Pour maîtriser vos sources lumineuses, avant de les utiliser, il est important de s’entraîner à les manier.

Afin de ne pas apparaître comme un fantôme sur la photographie, il est conseillé de s’habiller avec des habits sombres.

Pour donner de la profondeur à votre image, n’hésitez pas à éclairer différentes zones plus ou moins proches de l’appareil photo. Éviter de travailler uniquement sur le même plan.

Utiliser une source de lumière colorée permet de rajouter une touche créative à l’ensemble de la photographie. De nos jours, avec les LED multicolores, il est possible d’accéder à tout un spectre de couleurs différentes.

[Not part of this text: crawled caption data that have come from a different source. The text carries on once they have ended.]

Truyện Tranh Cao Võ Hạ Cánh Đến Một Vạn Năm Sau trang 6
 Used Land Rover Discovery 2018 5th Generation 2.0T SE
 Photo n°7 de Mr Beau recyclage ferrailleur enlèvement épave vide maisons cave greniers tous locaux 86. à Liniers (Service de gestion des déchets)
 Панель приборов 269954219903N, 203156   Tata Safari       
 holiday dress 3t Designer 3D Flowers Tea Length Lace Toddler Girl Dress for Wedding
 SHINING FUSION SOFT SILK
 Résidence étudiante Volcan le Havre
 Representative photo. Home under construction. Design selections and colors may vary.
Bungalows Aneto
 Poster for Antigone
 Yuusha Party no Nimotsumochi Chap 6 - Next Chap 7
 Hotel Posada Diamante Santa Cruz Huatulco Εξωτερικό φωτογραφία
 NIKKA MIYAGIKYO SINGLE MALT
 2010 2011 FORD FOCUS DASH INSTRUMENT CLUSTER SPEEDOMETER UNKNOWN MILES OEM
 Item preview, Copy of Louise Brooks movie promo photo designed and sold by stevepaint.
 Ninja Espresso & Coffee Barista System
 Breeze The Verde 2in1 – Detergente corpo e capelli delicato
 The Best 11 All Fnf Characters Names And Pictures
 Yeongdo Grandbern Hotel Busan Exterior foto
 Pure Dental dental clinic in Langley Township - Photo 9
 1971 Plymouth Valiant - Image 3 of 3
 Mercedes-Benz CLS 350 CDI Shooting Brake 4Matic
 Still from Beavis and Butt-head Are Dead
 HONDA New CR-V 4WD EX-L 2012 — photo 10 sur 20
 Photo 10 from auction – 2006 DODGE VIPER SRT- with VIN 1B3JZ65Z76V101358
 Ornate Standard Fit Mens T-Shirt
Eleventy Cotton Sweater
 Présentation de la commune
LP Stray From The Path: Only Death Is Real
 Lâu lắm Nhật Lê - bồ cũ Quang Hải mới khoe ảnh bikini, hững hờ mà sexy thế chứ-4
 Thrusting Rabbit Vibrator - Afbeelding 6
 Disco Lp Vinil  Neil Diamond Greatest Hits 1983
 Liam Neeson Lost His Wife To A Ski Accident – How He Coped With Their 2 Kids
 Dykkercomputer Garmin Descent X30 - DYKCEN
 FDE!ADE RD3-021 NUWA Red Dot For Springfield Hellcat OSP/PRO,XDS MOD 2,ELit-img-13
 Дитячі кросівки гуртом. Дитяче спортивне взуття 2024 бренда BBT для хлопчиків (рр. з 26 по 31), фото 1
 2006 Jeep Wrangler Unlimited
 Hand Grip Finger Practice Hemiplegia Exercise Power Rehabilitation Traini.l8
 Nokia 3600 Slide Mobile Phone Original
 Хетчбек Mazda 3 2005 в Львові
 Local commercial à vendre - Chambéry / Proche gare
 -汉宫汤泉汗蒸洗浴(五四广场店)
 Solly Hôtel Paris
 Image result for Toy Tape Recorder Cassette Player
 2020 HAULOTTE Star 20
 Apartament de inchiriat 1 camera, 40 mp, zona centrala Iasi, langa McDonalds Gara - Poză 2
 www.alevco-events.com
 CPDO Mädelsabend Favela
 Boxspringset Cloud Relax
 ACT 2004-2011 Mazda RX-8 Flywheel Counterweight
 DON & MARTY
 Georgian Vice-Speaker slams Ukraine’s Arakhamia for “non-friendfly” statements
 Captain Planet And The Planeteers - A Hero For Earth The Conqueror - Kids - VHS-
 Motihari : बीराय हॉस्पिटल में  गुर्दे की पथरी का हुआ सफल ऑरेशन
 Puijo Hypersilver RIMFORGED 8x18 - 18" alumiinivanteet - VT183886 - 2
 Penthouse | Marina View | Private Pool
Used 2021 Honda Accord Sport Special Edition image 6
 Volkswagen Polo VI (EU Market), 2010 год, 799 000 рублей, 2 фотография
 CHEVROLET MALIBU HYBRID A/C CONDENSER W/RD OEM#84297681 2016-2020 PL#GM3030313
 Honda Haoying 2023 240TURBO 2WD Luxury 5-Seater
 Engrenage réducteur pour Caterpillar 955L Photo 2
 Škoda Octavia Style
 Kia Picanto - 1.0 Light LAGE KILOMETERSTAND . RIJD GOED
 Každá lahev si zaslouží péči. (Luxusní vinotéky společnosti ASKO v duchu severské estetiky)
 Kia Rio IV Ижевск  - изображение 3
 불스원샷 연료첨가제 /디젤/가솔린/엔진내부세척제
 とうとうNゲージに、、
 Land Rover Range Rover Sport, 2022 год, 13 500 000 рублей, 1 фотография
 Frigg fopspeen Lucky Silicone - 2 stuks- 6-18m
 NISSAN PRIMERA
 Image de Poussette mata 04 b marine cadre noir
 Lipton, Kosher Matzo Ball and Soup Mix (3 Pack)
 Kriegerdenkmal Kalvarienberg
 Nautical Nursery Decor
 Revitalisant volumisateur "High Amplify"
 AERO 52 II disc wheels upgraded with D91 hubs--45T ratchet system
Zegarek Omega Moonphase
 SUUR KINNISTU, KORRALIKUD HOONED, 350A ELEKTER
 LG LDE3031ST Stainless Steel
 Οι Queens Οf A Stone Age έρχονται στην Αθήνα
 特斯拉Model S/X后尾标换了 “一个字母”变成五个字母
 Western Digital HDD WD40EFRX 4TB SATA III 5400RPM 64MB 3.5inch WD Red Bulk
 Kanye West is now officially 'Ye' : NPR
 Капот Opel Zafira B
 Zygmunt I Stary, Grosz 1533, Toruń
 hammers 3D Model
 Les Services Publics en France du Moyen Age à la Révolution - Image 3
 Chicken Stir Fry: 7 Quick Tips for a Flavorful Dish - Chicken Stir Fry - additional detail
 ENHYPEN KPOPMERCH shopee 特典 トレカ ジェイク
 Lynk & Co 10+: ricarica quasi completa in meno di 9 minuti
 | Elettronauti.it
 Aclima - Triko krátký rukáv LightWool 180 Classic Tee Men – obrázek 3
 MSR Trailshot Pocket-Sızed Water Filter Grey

N’hésitez pas à aller sur les marchés ou dans les différents magasins de gadgets pour accumuler un ensemble de sources lumineuses très variées les unes des autres.

Techniques complémentaires

Si vous souhaitez intégrer un modèle humain à votre photo, il peut être intéressant de donner un coup de Flash en début de photos pour imprimer sa silhouette sans risque de bouger de sa part. Le reste de la pause lente servira alors à réaliser l’éclairage du reste de la scène.

Photo exemple de la technique du light Painting.
Photo exemple de la technique du light Painting.

Une autre astuce permettant d’intégrer un modèle à une photo en lightpainting, est de procéder par surimpression.

Dans ce cas, prenez en photo votre modèle en lieu et place en tâchant d’éclairer que celui-ci tout en prenant garde de laisser le reste du décor dans l’ombre. Puis, réalisez la surimpression en pose longue afin d’y ajouter les éléments de lumière en lightpainting.

Une dernière solution est de réaliser le photomontage de plusieurs photos en post-traitement sous Photoshop.

Exemple de prise de vue

Dans l’exemple ci-dessous, j’ai opté pour l’assemblage en post-traitement car la réalisation d’un autoportrait m’empêchait de tenir tous les rôles en même temps. Avec un assistant, la seconde personne aurait pu directement tracer les ailes autour de la bouteille pour avoir le même rendu en un seule prise.

Les deux photographies ont été prise en pose longue de 20 secondes chacune dans une pièces plongée dans l’obscurité quasi-totale.

Evidemment, l’appareil photo est monté sur pièce et n’a absolument pas bougé entre les deux prises de vue. Ainsi la super position a été très facile à faire.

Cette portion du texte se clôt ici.